> **WORK TO COMPLETE**
Transcribe only the stretch of lines that opens with the line containing "Property photo of" and closes with the last line of the listing, skipping pictures.

+ + +

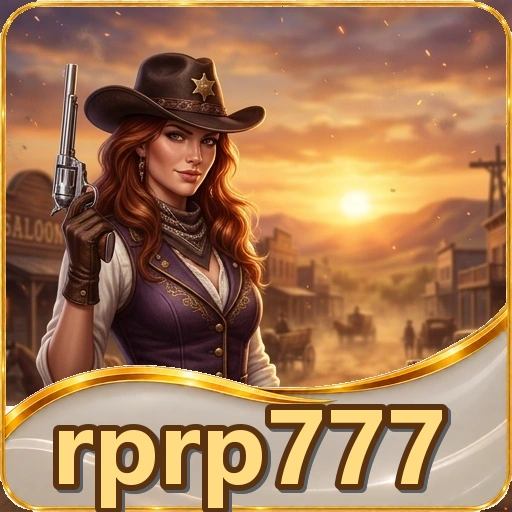 Katalog game rprp777: MOBA, strategi, aksi, kasual di Android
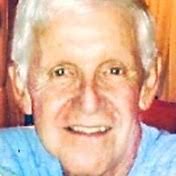 Davison Family Obituaries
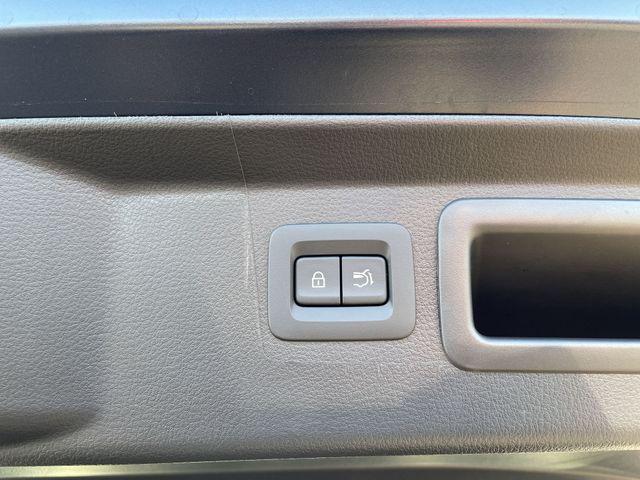 new 2026 Mazda CX-50 car, priced at $32,465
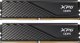 Pamięć ADATA XPG Lancer Blade, DDR5, 32 GB, 6000MHz, CL36 (AX5U6000C3616G-DTLABBK) 1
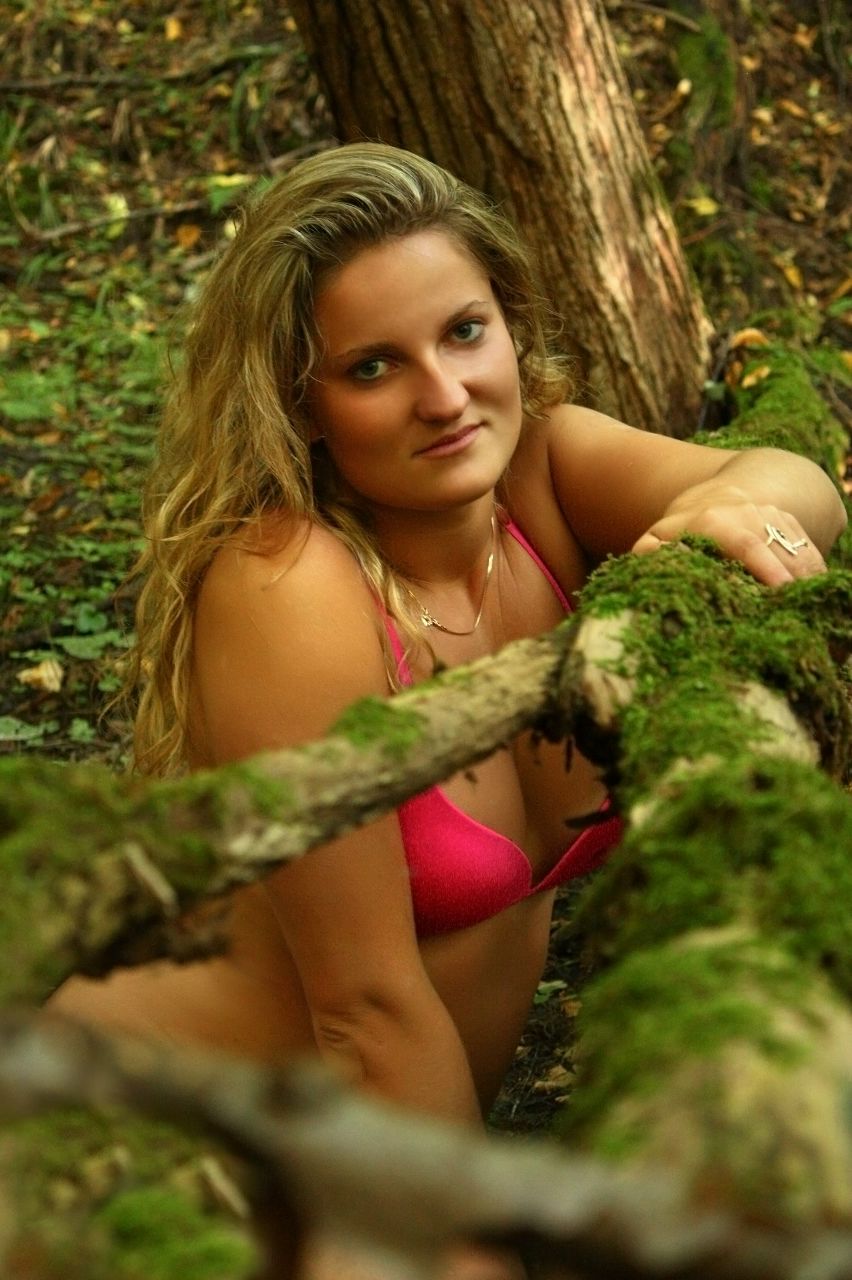 Януся Лубенкова ♥.♥.♥ | Бердичев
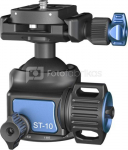 Sirui ST-10 BallHead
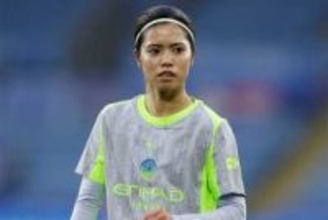 世界27位に日本人の名前「理想の選手」　英1部で傑出…攻守両面で「最多記録を保持」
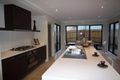 Property photo of 12 Azure Place Mount Martha VIC 3934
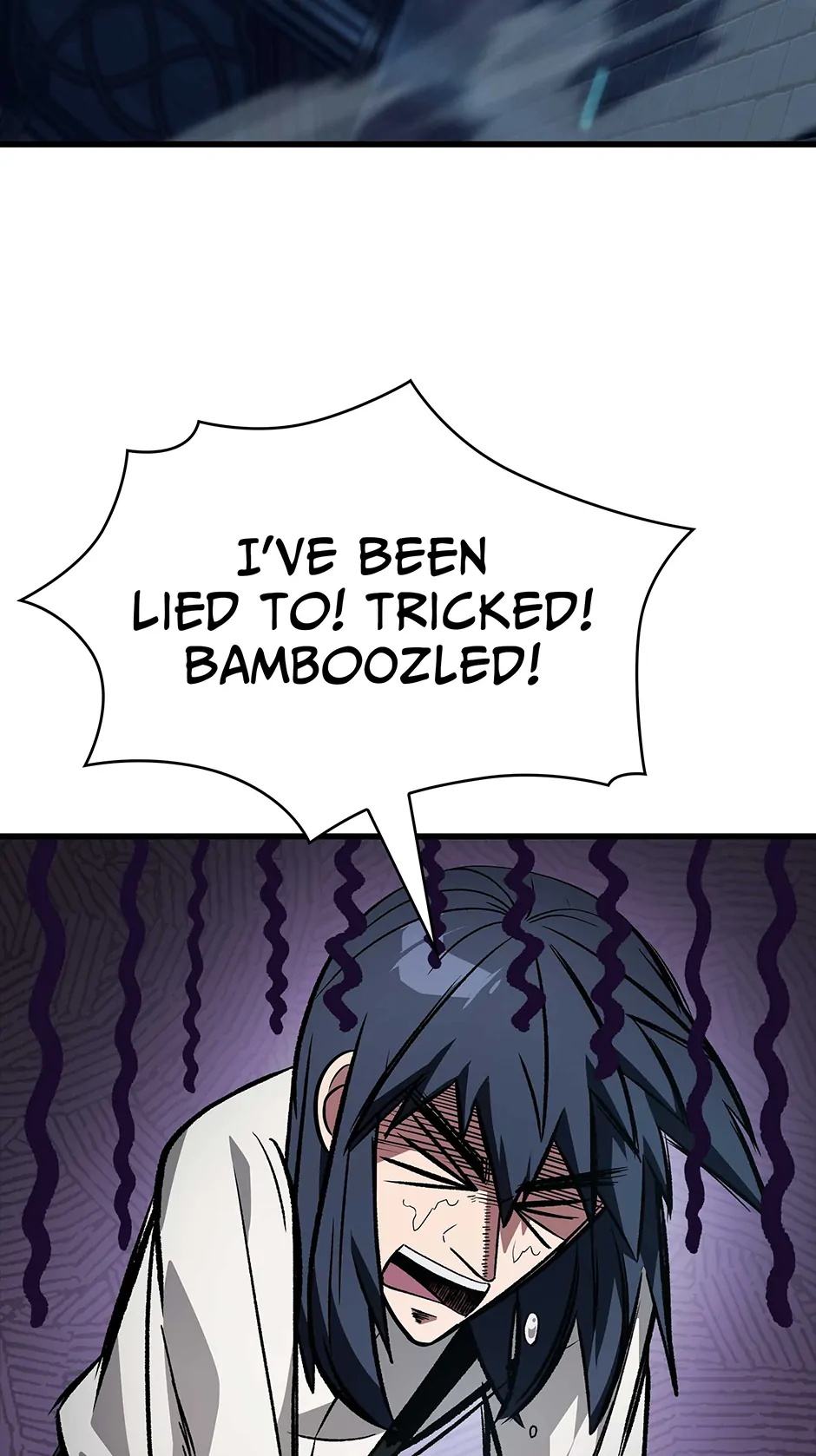 Read Pick Me Up ENGLISH Manga Online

+ + +

> **ANSWER FOR THE TASK**
 Property photo of 12 Azure Place Mount Martha VIC 3934
 Read Pick Me Up ENGLISH Manga Online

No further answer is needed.